Wisconsin Gov. Scott Walker is clearly running for president.
He may or may not win the nomination; he may or may not win the presidency. Even if he never wins another election, Mr. Walker is already the most consequential Republican politician of the last quarter-century, excepting only George W. Bush.
On March 9, with the stroke of his pen, Mr. Walker pierced the heart of Wisconsin organized labor when he signed right-to-work into law. Right-to-work allows workers to opt out of union dues and is viciously opposed by unions who maintain the level of financial support they do only because many workers are forced by federal labor law to pony up.
Right-to-work changes that. It does not forbid unionization; it does not outlaw unions. Labor unions are perfectly free to organize in right-to-work states. The only difference — in right-to-work states they actually have to earn the dues money they collect.
Right-to-work has traditionally been confined to the deep-red South and West. Wisconsin now follows Michigan as right-to-work advances into the deep-blue Midwest and Upper West.
It is especially ironic given Wisconsin’s prominent role in the history of organized labor: In 1932, American public-sector unionism began when the American Federation of State, County and Municipal Employees formed in Madison, Wisconsin.
Mr. Walker, of course, already tamed his state’s public-sector unions with Act 10, his 2011 budget bill that requires public unions to recertify every year and contribute more toward their health and pension plans, among other reforms.
Unions railed against Act 10, flooding the capitol with angry hoards calling for Mr.
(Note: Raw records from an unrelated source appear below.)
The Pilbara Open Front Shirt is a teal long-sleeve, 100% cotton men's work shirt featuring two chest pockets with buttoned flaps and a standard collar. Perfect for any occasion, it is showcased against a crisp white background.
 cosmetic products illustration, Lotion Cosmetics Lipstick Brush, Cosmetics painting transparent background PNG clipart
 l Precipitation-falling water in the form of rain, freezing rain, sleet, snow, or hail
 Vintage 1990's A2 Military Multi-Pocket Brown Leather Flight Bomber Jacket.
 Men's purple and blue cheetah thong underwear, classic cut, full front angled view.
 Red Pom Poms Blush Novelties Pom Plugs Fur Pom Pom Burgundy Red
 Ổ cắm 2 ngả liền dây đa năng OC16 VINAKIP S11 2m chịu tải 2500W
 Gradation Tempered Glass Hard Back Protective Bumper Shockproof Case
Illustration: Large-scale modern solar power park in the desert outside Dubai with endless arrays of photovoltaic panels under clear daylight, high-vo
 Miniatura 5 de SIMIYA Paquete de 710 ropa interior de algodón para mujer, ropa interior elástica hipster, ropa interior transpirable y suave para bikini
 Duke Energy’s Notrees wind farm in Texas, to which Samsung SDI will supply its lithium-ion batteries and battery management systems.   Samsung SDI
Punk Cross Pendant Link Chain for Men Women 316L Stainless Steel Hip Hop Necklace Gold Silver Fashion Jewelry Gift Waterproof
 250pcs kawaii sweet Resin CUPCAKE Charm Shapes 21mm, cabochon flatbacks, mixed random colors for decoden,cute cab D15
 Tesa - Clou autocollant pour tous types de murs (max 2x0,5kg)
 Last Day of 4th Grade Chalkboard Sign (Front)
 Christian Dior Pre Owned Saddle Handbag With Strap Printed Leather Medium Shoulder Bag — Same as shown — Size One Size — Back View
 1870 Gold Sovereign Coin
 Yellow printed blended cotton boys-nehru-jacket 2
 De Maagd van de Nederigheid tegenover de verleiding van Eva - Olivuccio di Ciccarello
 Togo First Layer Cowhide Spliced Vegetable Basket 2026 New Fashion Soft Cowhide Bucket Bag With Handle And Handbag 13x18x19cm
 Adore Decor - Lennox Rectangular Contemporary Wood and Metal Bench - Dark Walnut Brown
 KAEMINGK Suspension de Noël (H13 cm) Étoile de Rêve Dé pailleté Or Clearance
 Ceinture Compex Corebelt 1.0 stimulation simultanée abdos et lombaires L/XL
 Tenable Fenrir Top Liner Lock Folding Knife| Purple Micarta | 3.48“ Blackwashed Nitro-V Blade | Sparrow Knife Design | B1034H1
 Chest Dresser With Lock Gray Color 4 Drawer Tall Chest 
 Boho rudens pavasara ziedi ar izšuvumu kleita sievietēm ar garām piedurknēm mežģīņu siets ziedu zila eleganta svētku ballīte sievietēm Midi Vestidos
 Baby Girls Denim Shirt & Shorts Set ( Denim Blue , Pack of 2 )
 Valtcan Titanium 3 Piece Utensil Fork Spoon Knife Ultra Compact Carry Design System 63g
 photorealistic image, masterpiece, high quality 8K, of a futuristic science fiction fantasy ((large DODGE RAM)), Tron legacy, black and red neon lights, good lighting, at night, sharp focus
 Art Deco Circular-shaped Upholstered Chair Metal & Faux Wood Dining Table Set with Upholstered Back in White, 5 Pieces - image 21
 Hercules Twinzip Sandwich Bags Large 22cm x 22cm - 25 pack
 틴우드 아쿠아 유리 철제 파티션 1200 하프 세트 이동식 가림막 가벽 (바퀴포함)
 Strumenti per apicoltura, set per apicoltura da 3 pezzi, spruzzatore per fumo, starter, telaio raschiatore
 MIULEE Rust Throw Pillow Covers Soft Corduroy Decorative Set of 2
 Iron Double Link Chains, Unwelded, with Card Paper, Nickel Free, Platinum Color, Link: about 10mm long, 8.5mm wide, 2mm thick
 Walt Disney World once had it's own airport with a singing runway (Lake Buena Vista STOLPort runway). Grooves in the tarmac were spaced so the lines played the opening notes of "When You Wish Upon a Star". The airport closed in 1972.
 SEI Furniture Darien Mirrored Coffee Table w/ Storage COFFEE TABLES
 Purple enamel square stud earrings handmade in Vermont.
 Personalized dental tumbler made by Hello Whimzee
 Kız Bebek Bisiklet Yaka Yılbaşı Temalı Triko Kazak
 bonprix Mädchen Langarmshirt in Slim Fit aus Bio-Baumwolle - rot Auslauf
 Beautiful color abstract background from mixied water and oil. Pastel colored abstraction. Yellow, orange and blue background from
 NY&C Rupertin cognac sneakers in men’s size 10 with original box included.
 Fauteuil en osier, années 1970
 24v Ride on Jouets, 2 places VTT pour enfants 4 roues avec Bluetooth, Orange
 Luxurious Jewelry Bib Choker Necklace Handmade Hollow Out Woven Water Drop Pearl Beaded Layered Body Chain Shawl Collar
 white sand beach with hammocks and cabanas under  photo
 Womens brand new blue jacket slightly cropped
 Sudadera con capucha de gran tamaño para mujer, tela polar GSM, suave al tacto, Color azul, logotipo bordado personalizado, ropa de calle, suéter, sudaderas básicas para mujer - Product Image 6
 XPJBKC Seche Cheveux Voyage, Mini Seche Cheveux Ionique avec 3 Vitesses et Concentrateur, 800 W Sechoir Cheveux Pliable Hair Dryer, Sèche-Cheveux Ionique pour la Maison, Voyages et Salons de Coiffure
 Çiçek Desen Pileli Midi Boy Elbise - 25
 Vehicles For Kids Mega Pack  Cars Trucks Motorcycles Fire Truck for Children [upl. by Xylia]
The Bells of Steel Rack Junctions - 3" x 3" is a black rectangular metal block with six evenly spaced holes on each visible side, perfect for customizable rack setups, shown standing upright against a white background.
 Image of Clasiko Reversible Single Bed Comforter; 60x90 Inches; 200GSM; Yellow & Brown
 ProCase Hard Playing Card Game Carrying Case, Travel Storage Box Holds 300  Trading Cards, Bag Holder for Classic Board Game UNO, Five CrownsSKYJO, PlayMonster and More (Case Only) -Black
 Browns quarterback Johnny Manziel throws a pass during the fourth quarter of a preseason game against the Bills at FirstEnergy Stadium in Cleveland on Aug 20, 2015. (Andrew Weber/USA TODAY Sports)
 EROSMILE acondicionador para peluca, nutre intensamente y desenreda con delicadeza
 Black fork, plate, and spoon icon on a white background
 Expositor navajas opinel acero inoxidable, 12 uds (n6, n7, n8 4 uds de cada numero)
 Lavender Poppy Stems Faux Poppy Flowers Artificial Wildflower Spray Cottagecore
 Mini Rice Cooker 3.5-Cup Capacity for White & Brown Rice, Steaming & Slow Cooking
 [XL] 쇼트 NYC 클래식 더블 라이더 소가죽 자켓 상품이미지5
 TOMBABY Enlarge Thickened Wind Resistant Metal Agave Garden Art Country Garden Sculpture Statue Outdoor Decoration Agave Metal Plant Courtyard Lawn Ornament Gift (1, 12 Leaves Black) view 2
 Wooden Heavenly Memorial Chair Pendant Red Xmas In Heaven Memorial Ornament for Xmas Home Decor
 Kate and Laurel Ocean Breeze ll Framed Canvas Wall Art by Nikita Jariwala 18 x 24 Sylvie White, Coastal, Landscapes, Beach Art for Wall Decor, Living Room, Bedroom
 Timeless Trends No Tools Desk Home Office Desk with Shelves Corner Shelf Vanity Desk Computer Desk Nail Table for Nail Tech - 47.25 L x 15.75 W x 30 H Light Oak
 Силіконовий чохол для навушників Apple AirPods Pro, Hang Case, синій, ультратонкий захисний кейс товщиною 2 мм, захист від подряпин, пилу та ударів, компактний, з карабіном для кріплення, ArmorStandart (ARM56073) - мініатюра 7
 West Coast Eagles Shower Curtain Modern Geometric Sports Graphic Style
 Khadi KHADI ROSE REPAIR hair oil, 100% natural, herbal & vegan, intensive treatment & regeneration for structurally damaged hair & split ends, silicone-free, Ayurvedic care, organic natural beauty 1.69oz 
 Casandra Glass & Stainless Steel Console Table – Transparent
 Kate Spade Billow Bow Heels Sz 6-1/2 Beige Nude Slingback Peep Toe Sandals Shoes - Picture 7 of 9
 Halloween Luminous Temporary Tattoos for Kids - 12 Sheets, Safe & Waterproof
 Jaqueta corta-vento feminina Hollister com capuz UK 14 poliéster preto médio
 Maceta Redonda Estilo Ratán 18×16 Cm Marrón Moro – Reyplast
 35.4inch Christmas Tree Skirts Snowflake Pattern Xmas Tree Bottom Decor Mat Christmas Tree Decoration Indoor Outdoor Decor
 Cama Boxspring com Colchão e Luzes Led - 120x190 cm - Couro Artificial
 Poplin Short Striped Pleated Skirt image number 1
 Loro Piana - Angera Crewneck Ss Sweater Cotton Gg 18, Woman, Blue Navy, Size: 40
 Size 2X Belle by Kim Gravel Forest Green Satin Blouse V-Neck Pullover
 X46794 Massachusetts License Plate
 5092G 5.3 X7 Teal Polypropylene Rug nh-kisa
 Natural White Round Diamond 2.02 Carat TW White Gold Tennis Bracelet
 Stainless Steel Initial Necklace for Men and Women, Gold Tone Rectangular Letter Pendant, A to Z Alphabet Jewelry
Walker’s political head. They didn’t get it. Act 10 passed and Mr. Walker survived a recall election initiated and funded by unions.
Everyone knew Act 10 would hurt big labor. No one had any idea how bad it would be. The Washington Post recently published an article surveying of the devastation titled, “Walker’s anti-union law has labor reeling in Wisconsin.” The newspaper tells of near-empty union halls that were filled only a few years ago; of teachers union membership falling in half; of union members reporting open displays of contempt toward their signs.
Act 10 hurt, all right. But it only applied to public-sector unions; private unions did not fall under its purview. Indeed, many of Wisconsin’s private-sector unions watched in horror as their public brethren fell under Mr. Walker’s scythe and breathed a sign of relief that they were exempt from his attentions.
They are exempt no longer: On Monday, Mr. Walker finally lopped the second head off the beast that had feasted on his state’s economy, and right-to-work will do to private unions what Act 10 did to public. True, the AFL-CIO has already filed a legal challenge to Wisconsin’s right-to-work law in Dane County Circuit Court. They will lose (both Indiana and Michigan’s right-to-work laws survived identical challenges).
Unions have spent millions fighting Mr. Walker’s reforms. Their failure, and consequent membership plunge, means those unions will no longer have bursting treasuries with which to fund left-wing causes and politicians nationally.
Organized labor is the bank of the Democratic Party. Most Republicans fight the party. Mr. Walker closed the bank.
Mr. Walker governed red in a blue state. He busted the unions in a union state. He has created a template and provided many lessons, perhaps the most striking of which is this:
You don’t need to be president to lead nationally.
• Matt Patterson is the executive director of the Center for Worker Freedom, a special project of Americans for Tax Reform.